Eclosion, située dans la zone industrielle de Plan-les-Ouates, revitalise en partie cette «vallée de la mort», comme les Américains appellent la phase difficile de la naissance d’une start-up et de la recherche des premiers fonds. Cette initiative, née en décembre 2004 grâce aux volontés conjuguées des autorités politiques et académiques, vient en aide aux personnes qui désirent lancer une start-up dans le domaine des sciences de la vie. Elle dispose actuellement de locaux sur une surface de 1000 m2 et offre des services, du matériel de pointe pour constituer des laboratoires in situ, des conseils avisés dans le management et l’entrepreneuriat ainsi que de l’argent. Grâce à un fonds de 15 millions de francs, Eclosion peut en effet investir jusqu’à 2 millions de francs dans un projet prometteur.
«Notre rôle est de donner les moyens de réussir aux jeunes entrepreneurs, explique Jesús Martin-Garcia, coresponsable d’Eclosion. Nous choisissons bien sûr les projets en fonction de leur intérêt et de leur potentiel commercial. Mais nous ne considérons jamais un dossier comme trop académique. C’est justement une partie de notre travail que de le rendre plus conforme à la réalité du marché. Pour cela, nous nous appuyons sur notre conseil scientifique et économique et plus largement sur un réseau de chercheurs et d’industriels très compétents. Nous par ailleurs ravis de voir la bonne volonté que mettent ces professionnels à collaborer avec nous.»

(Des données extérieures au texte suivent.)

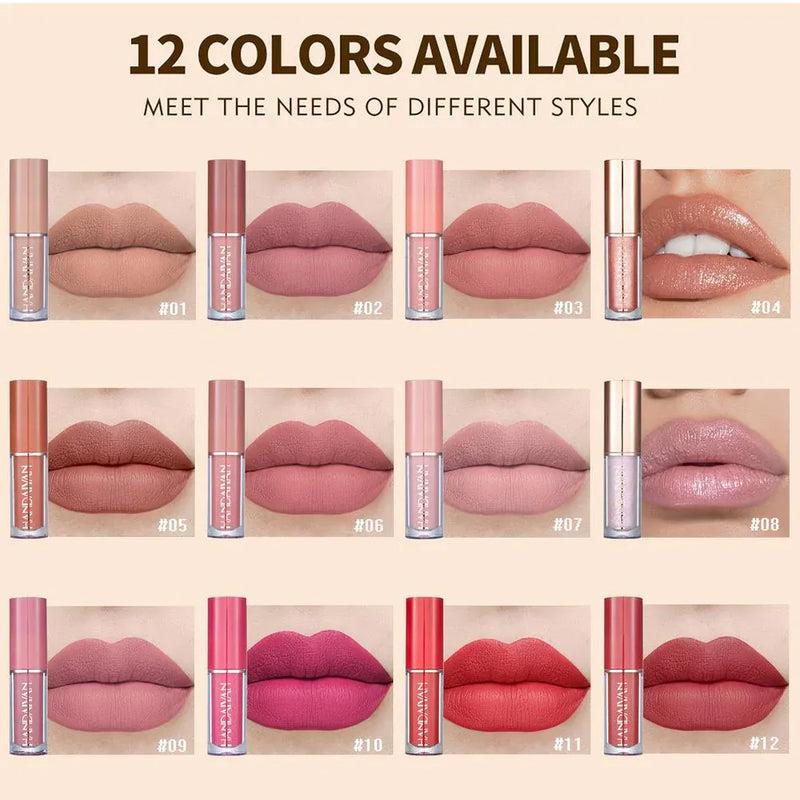 Handaiyan 12 Colors Matte Liquid Lipstick Set 25ml12pcs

Eclosion reçoit une subvention de l’Etat de Genève suffisante pour payer, entre autres, l’infrastructure, l’entretien et l’achat de certains appareils de laboratoire. Elle bénéficie également du soutien de grandes entreprises, comme Serono, qui offrent à l’incubateur des appareils indispensables à la recherche scientifique (microscopes, frigidaires à très basse température, etc). Ces machines de deuxième main tout en étant de pointe permettent des économies d’échelle importantes. Finalement, grâce à l’implication des autorités et des industriels, les responsables d’Eclosion ont réussi une levée de fonds de 15 millions de francs auprès d’investisseurs locaux. «C’était le travail le plus dur que nous avons eu à réaliser pour Eclosion, admet Jesús Martin-Garcia. Pour mettre sur pied cette structure, nous nous sommes beaucoup inspirés de ce qui se faisait dans d’autres pays. Nous avons fait la synthèse de différents modèles la plus adaptée à la situation de notre région.»

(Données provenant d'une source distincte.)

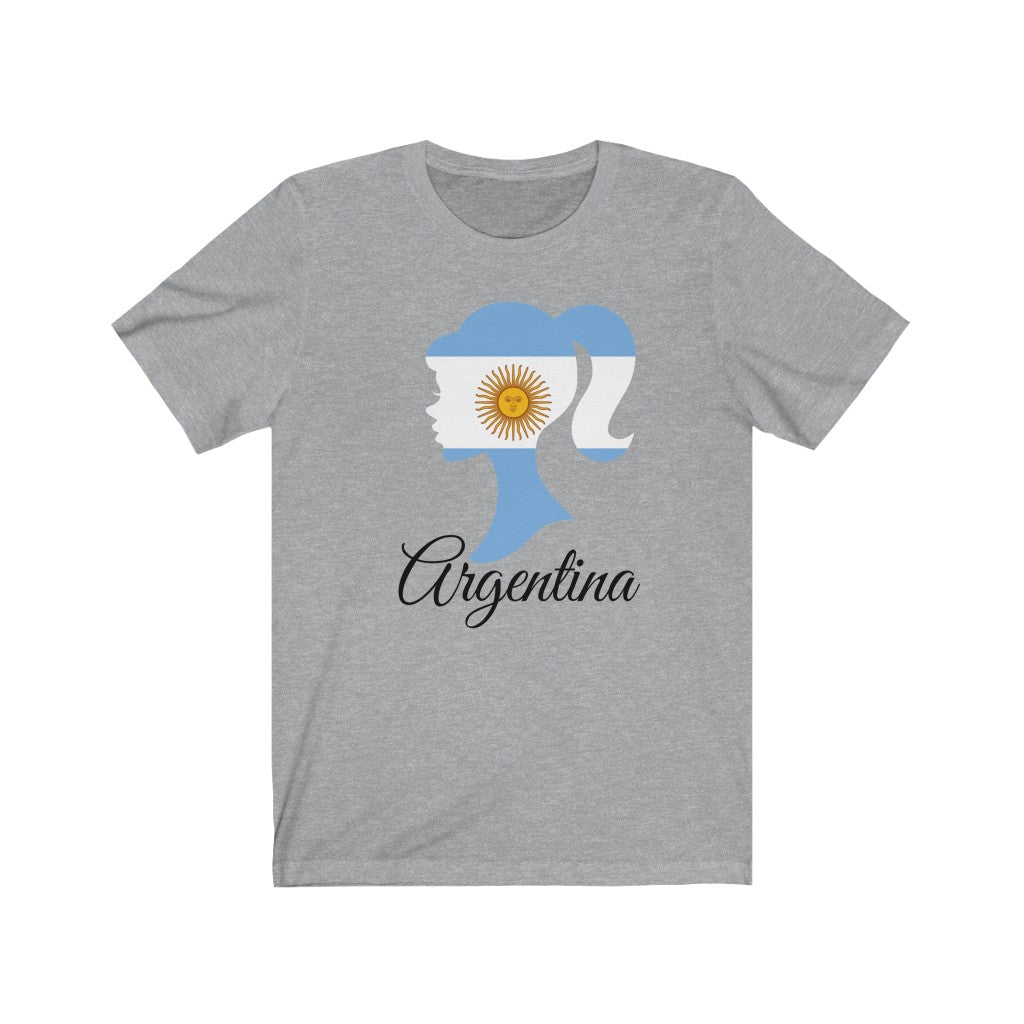 Argentina Girl Flag Premium Tee 1 - Unisex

Résultat: six start-up ont colonisé les locaux, monté leur laboratoire et leur bureau et travaillent d’arrache-pied pour monter leur affaire. Et beaucoup d’autres se pressent au portillon. Aucune d’entre elles n’a encore quitté le nid pour voler de ses propres ailes – l’expérience vient de débuter, après tout – mais le premier envol ne devrait pas tarder, selon les responsables. Un bémol, tout de même: seules les spin-off de l’Université de Genève actives dans les sciences de la vie bénéficient d’une telle aide.